Birlik ve beraberlik içerisinde, milli menfaatlerden asla ödün vermeden çalışmalarını sürdürdüklerini vurgulayan Kurtulmuş, “Bir kere daha açıklıkla, bazılarının dezenformasyonları dolayısıyla söylüyorum. Anayasanın ilk dört maddesinde hiçbir tartışma yapılmaksızın, şimdiye kadar yapılmadı, bundan sonra da yapılmayacak. Yani bir federasyon, ayrı bir bölge, özel bir bölge yapılmaksızın, resmi dilin Türkçenin dışında başka bir dilin olma talebini gündeme getirmeksizin, ülkemizde vatandaşlarımızın arasındaki bütün farklılıklar neyse bunları koruyarak, bunları bir büyüklük, bir birlik vesilesi haline getireceğiz ve inşallah Türkiye'de demokratik standartları yüksek bir ülkenin vatandaşları olarak hep beraber yaşayacağız. Allah yardımcımız olsun. Zor olduğunu biliyorum. İsteyenlerin büyük çoğunluğunu oluşturmakla birlikte, istemeyenlerin de tahrip gücünün zaman zaman ortaya çıkabileceğini biliyorum.” ifadesini kullandı.
Terörsüz Türkiye hedefi başarıya ulaştığı zaman, bu meselenin bir siyaset meselesi olmadığının herkes tarafından görüleceğini dile getiren Kurtulmuş, “Terörsüz Türkiye, vatanseverlerin ortak hedefidir. Terörsüz Türkiye, emperyalizme karşı uyanık olanların ortak bir şekilde istediği hedeftir. Buna ulaşacağız Allah'ın izniyle. Hep öyle söylüyorum. Bu sefer mutlaka başaracağız. Bu sefer ya biz başaracağız ya emperyalizm başaracak. Allah'ın izniyle başaracağımıza inanıyoruz ve güçlü bir şekilde yolumuza devam ediyoruz.” dedi.
Kurtulmuş, konuşmasının ardından sivil toplum kuruluşlarının temsilcilerinin soru ve görüşlerini dinledi.
Programda, Aksaray Valisi Mehmet Ali Kumbuzoğlu, AK Parti Aksaray Milletvekilleri Cengiz Aydoğdu, MHP Aksaray Milletvekili Ramazan Kaşlı, Aksaray Belediye Başkanı Evren Dinçer de yer aldı.
TBMM Başkanı Kurtulmuş, “Aksaray Sivil Toplum Buluşması” sonrası programa İlişkin paylaşımda bulundu.
Kurtulmuş, paylaşımında şu ifadelere yer verdi:
“Anadolu irfanının kalbi olan güzel şehrimiz Aksaray’da faaliyet gösteren sivil toplum kuruluşlarının temsilcileriyle bir araya geldik.
Türkiye’nin bu coğrafyada güçlü ve büyük bir ülke olma mecburiyeti var.
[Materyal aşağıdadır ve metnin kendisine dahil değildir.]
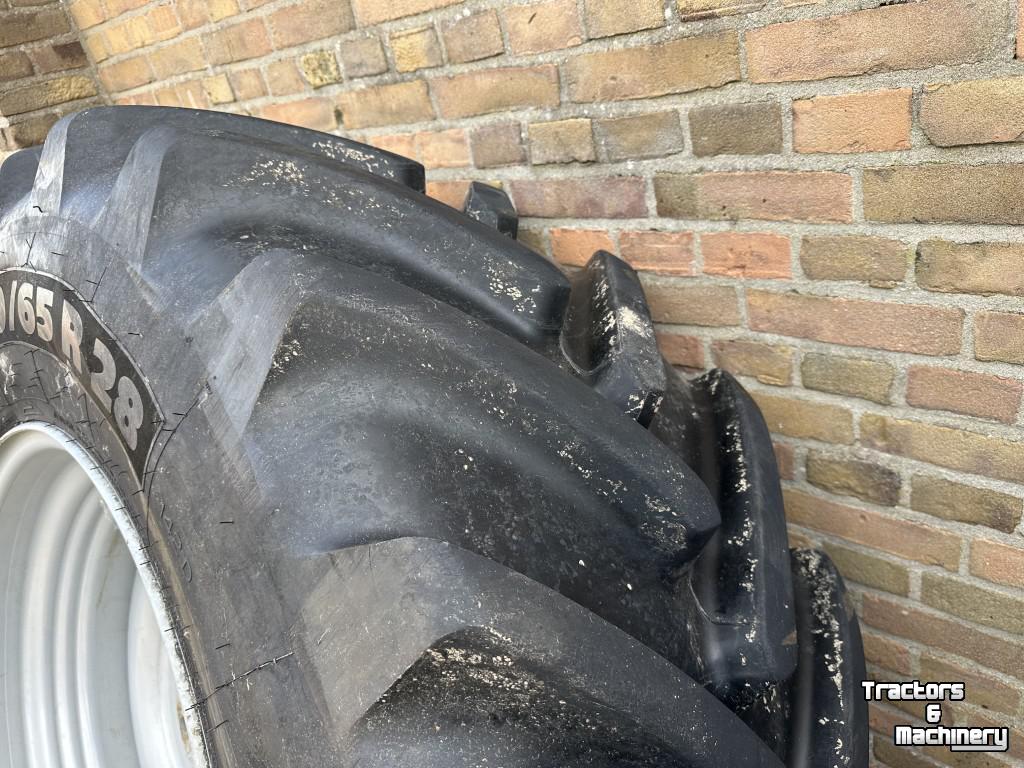 Räder, Reifen, Felgen & Distanzringe Michelin 540/65R28 <> 650/65R38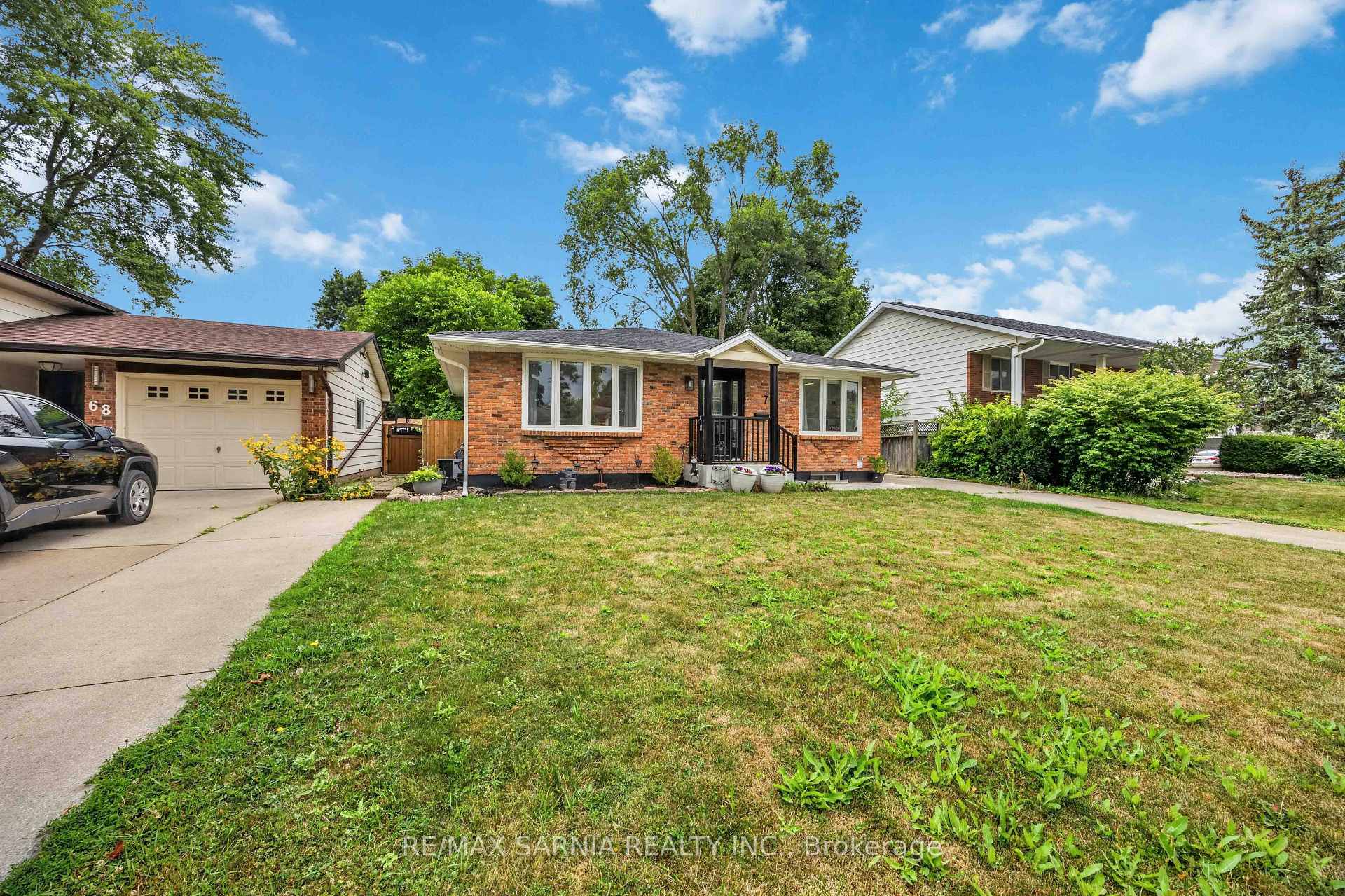 Photo 2 of 70 Turner Drive, Sarnia — HOMEH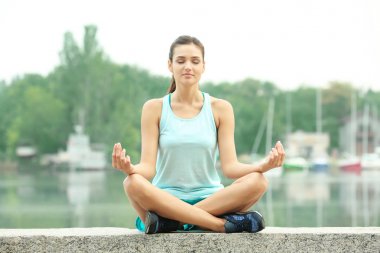 Yoga Çalışan Genç Kadın 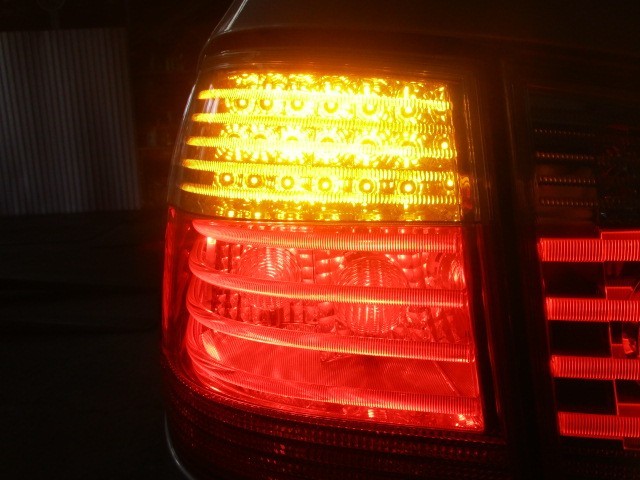 3723 BMW 5シリーズ 525i PU25 左 テールランプ LED 63 21-7 177 693-06 平成20年9月 ワゴン車_画像7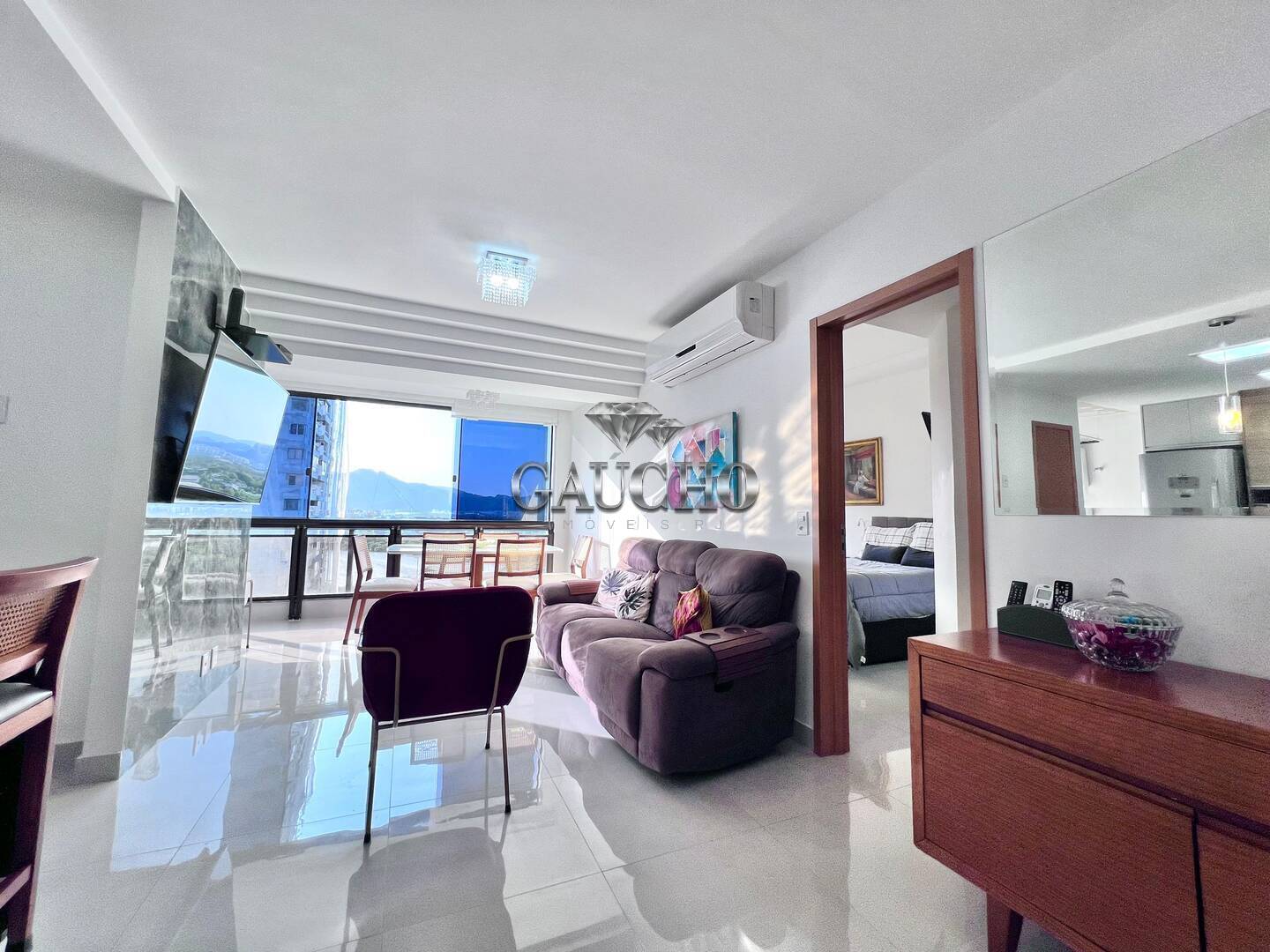 Apartamento à venda com 2 quartos, 68m² - Foto 9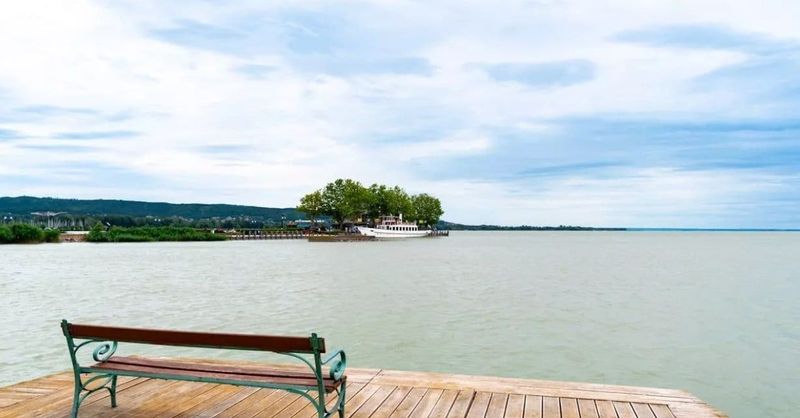 Balaton veszélyben: Drámai vízszintcsökkenés fenyegeti a magyar tengert!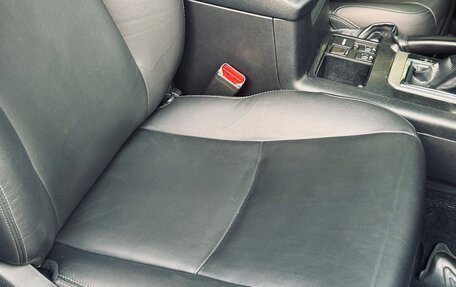 Toyota Land Cruiser Prado 150 рестайлинг 2, 2014 год, 3 390 000 рублей, 29 фотография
Bunun için de “millî mefkûre” etrafında bütünleşerek, aynı vatanın evlatları olduğumuzu bilerek bir araya geleceğiz.
Terörsüz Türkiye, vatanseverlerin ve emperyalizme karşı uyanık olanların ortak bir hedefidir ve Allah’ın izniyle bu hedefimize ulaşacağız.
Aksaraylı kıymetli hemşehrilerime gösterdikleri ev sahipliği dolayısıyla teşekkür ediyor, sivil toplum alanında faaliyet gösteren tüm kuruluşlarımıza çalışmalarında üstün başarılar diliyorum.”